What the task requires: Every line below from the one containing "Beauty on marketplaces: the" through the one containing "2022 Toyota RAV4 Edge" must be transcribed exactly. Omit all lines outside that stretch.

--- --- ---

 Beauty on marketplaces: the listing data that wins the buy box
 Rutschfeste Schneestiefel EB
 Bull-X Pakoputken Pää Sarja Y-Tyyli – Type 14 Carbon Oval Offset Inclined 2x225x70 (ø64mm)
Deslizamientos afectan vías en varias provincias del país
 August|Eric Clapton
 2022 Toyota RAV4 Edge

--- --- ---

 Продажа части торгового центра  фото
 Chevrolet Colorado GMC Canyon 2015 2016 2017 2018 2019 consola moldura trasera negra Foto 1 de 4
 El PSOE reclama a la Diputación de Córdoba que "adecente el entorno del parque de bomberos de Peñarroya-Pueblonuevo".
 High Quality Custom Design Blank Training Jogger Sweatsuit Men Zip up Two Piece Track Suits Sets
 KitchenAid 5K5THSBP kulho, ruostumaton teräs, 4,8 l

--- --- ---

Written answer:
 Beauty on marketplaces: the listing data that wins the buy box
 Rutschfeste Schneestiefel EB
 Bull-X Pakoputken Pää Sarja Y-Tyyli – Type 14 Carbon Oval Offset Inclined 2x225x70 (ø64mm)
Deslizamientos afectan vías en varias provincias del país
 August|Eric Clapton
 2022 Toyota RAV4 Edge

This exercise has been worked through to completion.